More effective merging of matched column with duplicates in data.table

Question

I've got two data.tables, both of which share one variable; I'm trying to add a variable that's missing from the second, but which is tied one-for-one to the shared variable.

This is clearly a merge, but because the shared variable has multiple instances, I'm having to use what feels like a workaround to merge the new variable.

Let's get specific.

x <- data.table(let = rep(letters[1:3], 2:4),
                num = rep(1:3, 2:4), other = rnorm(9))
y <- data.table(let = rep(c("a", "c"), c(10, 6)))

x:
   let num       other
1:   a   1 -0.41695882
2:   a   1 -0.59875888
3:   b   2 -0.19433915
4:   b   2  0.58406046
5:   b   2 -0.33922321
6:   c   3 -0.63076561
7:   c   3  1.06987710
8:   c   3  0.08869372
9:   c   3 -1.31196123

y:
    let
 1:   a
 2:   a
 3:   a
 4:   a
 5:   a
 6:   a
 7:   a
 8:   a
 9:   a
10:   a
11:   c
12:   c
13:   c
14:   c
15:   c
16:   c

I just want to add the num column to y; since num is matched 1-1 with let, it doesn't really matter that there's duplicates.

Here's an approach that works; I've just got a feeling there's something simpler.

setkey(x, let)
setkey(y, let)

y <- x[!duplicated(let), c("let", "num"), with = FALSE][y]

score 7 · Accepted Answer · edited Oct 19 '21 at 10:27

7

The only improvements that I could think of is that

You could skip the setkey(x, let) part
You could also update y by reference (rather than creating a copy using <- and then assigning back to y)

If you are using the current stable version version of data.table (v <= 1.9.4) you will have to use allow.cartesian = TRUE

setkey(y,let)
y[x[!duplicated(let)], num := i.num, allow.cartesian = TRUE][]

You could alternatively use unique instead of duplicated (they both have data.table methods)

y[unique(x, by = "let"), num := i.num, allow.cartesian = TRUE]

Here's another possibility using the new .EACHI method, although there's no need for the use of by=.EACHI here. I've shown you just to expose this feature for you. Have a look at this post for a detailed explanation of what this does and when it's useful.

y[x, num := unique(i.num), by = .EACHI, allow.cartesian = TRUE]

Edit: (Thanks to @Arun for pointing this out)

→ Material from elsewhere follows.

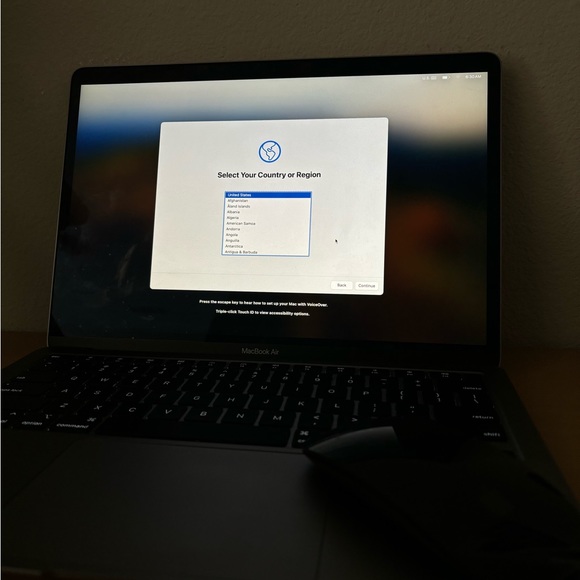 2020 Mabook Air & Magic Mouse 2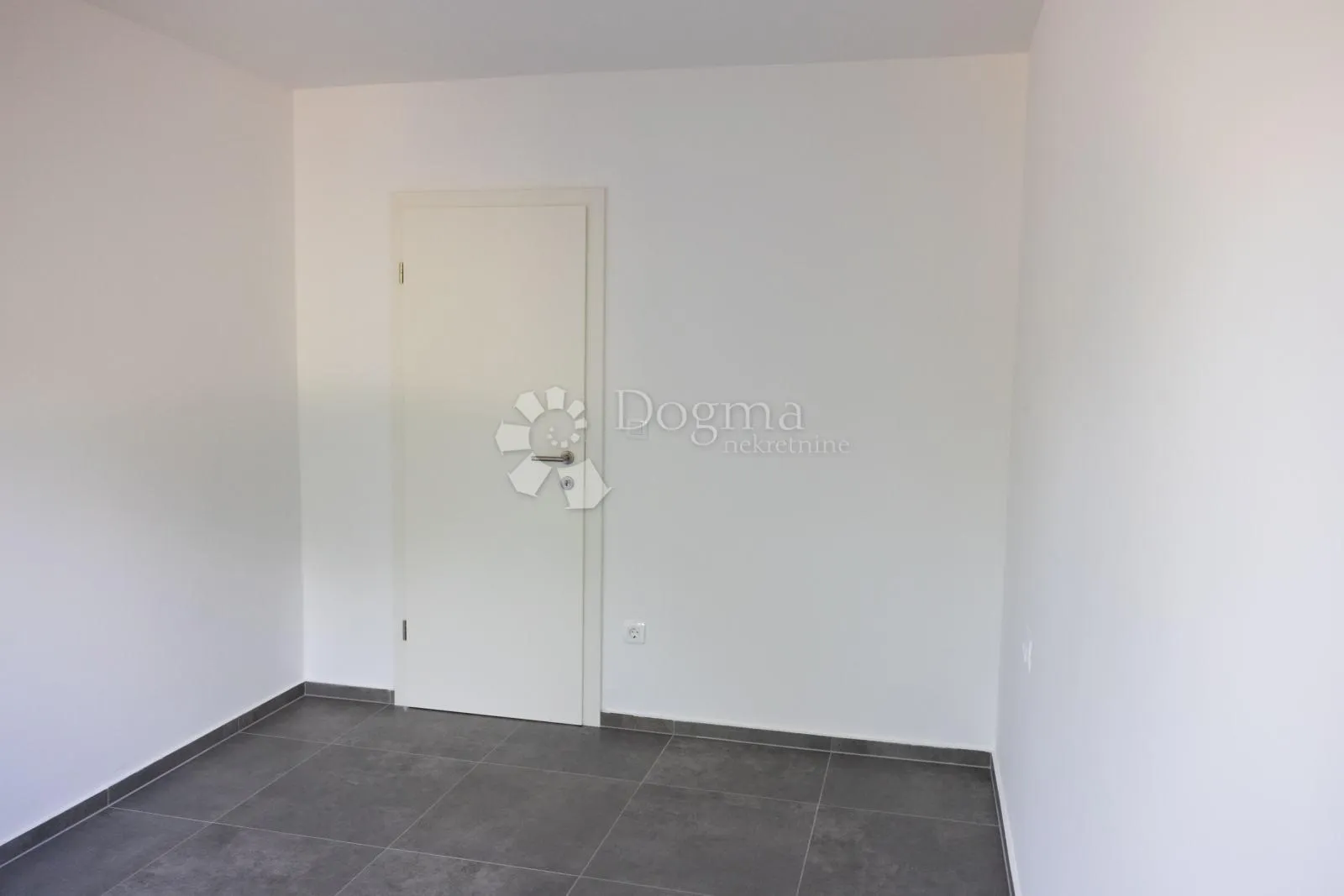 mandre, otok pag – apartman s pogledom na more - slika 11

We shouldn't need allow.cartesian argument here, as there are no duplicates in i. In fact, it's a bug, #742 that has been fixed in the current development version (1.9.5). So you just need to do:

y[x[!duplicated(let)], num := i.num, on = "let"]
# or
y[unique(x, by = "let"), num := i.num, on = "let"]
# or (though not recommended in this specific case)
y[x, num := unique(i.num), by = .EACHI, on = "let"]

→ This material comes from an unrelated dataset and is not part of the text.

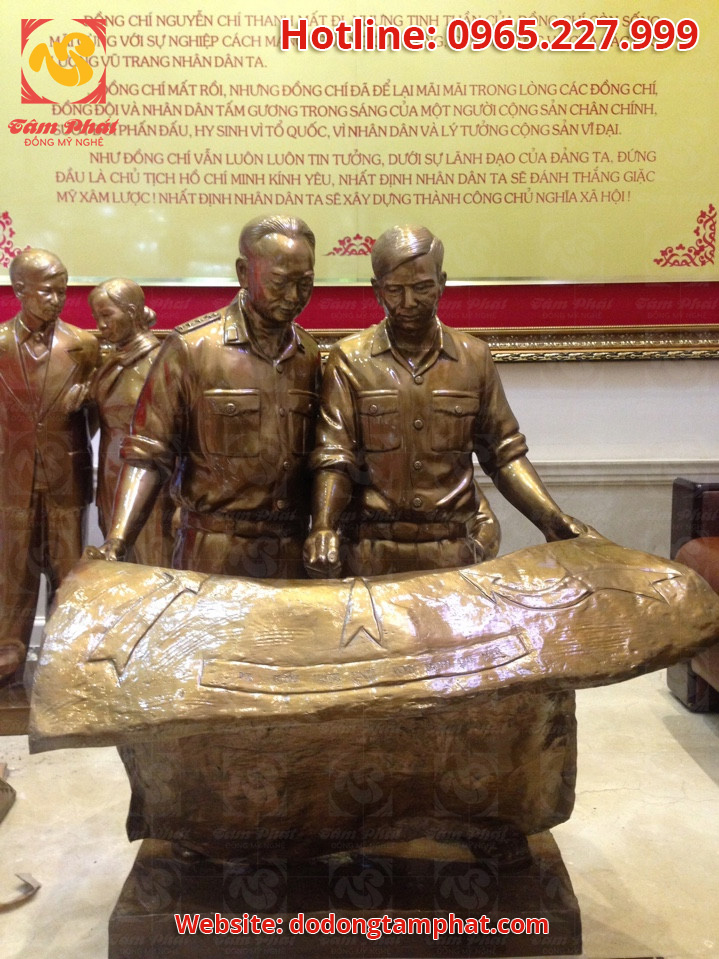 Đúc tượng chân dung bằng đồng - Tượng truyền thần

edited Oct 19 '21 at 10:27

DoubleYou

1,057
11
25

answered Dec 30 '14 at 22:43

David Arenburg

91,361
17
137
196

1

Is there any performance difference between `!duplicated()` and `unique()`? I think the latter should also work somehow, but I have no idea if it would be a good option. Nice answer - (+1) – talat Dec 30 '14 at 22:46
@docendodiscimus, yes `data.table` has methods for both, (similar to `distinct` in `dplyr`) see my edit. – David Arenburg Dec 30 '14 at 22:50
Thanks for demonstrating that! Do you think they'll be the same performance-wise? – talat Dec 30 '14 at 22:53
I think that skipping `setkey(x, let)` will improve performance, also the assigning be reference. though I'm not sure how `allow.cartesian = TRUE` performs – David Arenburg Dec 30 '14 at 22:55
I had a feeling the allow.cartesian option could be invoked somehow, but am unfamiliar with cartesian merges and merge options in general--they're not explained very well in the data.table FAQ. Also, to be honest, my approach got much simpler as I was writing this question up--was originally taking another 3-4 steps on the way that I realized were extraneous. – MichaelChirico Dec 30 '14 at 22:56
See my edit. Added `.EACHI` option, though not sure about efficiency – David Arenburg Dec 30 '14 at 23:02
David, no need for `allow.cartesian`. You remove the duplicates in`i`. Your second solution is right on. No need for by=.EACHI either. What'so the advantage here? – Arun Dec 31 '14 at 06:15
@Arun It doesn't work for me without `allow.cartesian` because there are dupes in `y` too... The `by=.EACHI` one is just in order to familiarize the OP with this option (I said there is no performance gain there in the answer) – David Arenburg Dec 31 '14 at 06:32
@DavidArenburg, not sure which version you're on. But this has been fixed a while ago. `allow.cartesian` checks for duplicates in `x` (which you remove), but not in `y`. There should be no error. – Arun Dec 31 '14 at 06:42
@MichaelChirico, have you read about `allow.cartesian` from `?data.table`? In addition, [check this post](http://stackoverflow.com/a/23087759/559784). – Arun Dec 31 '14 at 06:43
@Arun, I have 1.9.4 at home... Will upgrade and check it again in a few – David Arenburg Dec 31 '14 at 06:45
@DavidArenburg, right. It's fixed in [1.9.5](https://github.com/Rdatatable/data.table). – Arun Dec 31 '14 at 06:50
@Arun, made the edit, thanks for the comment. I had to downgrade the version a while ago in order to check some stuff and forgot to upgrade back – David Arenburg Dec 31 '14 at 06:53
With the latest data.table versions the answers only work if you use `y[x[!duplicated(let)], num := i.num, on = "let"]` or `y[unique(x, by = "let"), num := i.num, on = "let"]`. – DoubleYou Oct 19 '21 at 09:06
@DoubleYou ok, thanks. I have no time to check. If you did already, please edit the answer as you like. – David Arenburg Oct 19 '21 at 09:17

score 3 · Answer 2 · edited Apr 18 '20 at 02:12

3

Well, I would use a merge like the following, but I am not sure that it is simpler than what you have already done.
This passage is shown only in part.